This post concludes our series on the exciting potential for Intelligent Security Perimeters for network protection. Qualitative analysis of traffic that goes beyond simple SIEM reporting raises the situational awareness of IT administrators through a qualitative predictor.
We’ll now examine some of the possible factors for such qualitative model, and revisit these ideas in other blog posts on evolving Firewall Log Analyzers. Network activities that would be prominent candidates for a qualitative predictive model include different aspects of event logs already collected by an ordinary SIEM.
For example, an event log for either application control or intrusion detection/prevention will contain common elements such as source and destination port numbers, source and destination IPs, application or attack type, and depending on the UTM firewall vendor, also some category information describing the traffic.
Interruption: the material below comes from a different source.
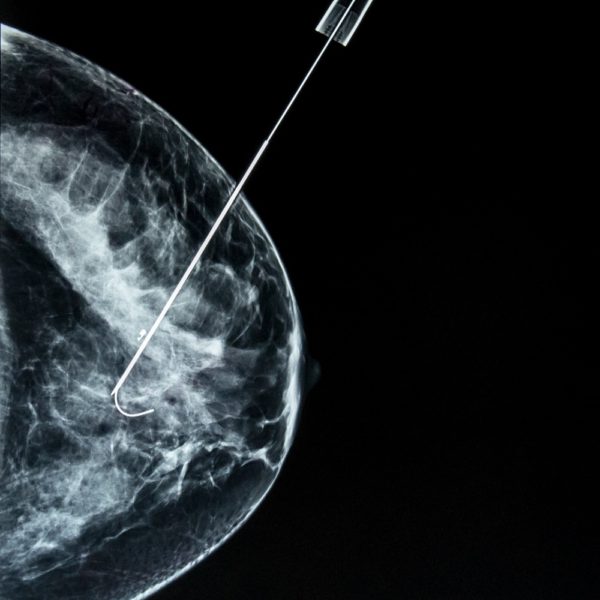 La biopsie mammaire – Modalité & intérêt dans le diagnostic du cancer du sein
All this information may be analyzed and correlated in order to develop predictive capabilities to warn and advise IT managers on security posture. For example, session information may reveal that a host is listening on an external port and has not been otherwise active, it is possible that it could be awaiting command and control connections from a malicious server.
Another case is examining traffic for consecutive unsuccessful connection attempts or other patterns known as “port knocking”. Failed attempts in some regular pattern or increased frequency may be indicators that malware is trying to connect some specifically exploitable application or service.
Categories of events and geographic sources are also indicators of the quality of traffic. Typically, traffic is rated by most UTM devices by some subjective quality, for example is a website for Porn, Business, News, or otherwise. Knowing patterns of traffic category and in particular where traffic is originated can give an indication that a malware pattern is being observed.
All of these are services that require attention in real-time, the reality of forensic examination is that it’s too late, so being able to perform qualitative analysis in real-time is a significant factor in Intelligent Security Perimeter design.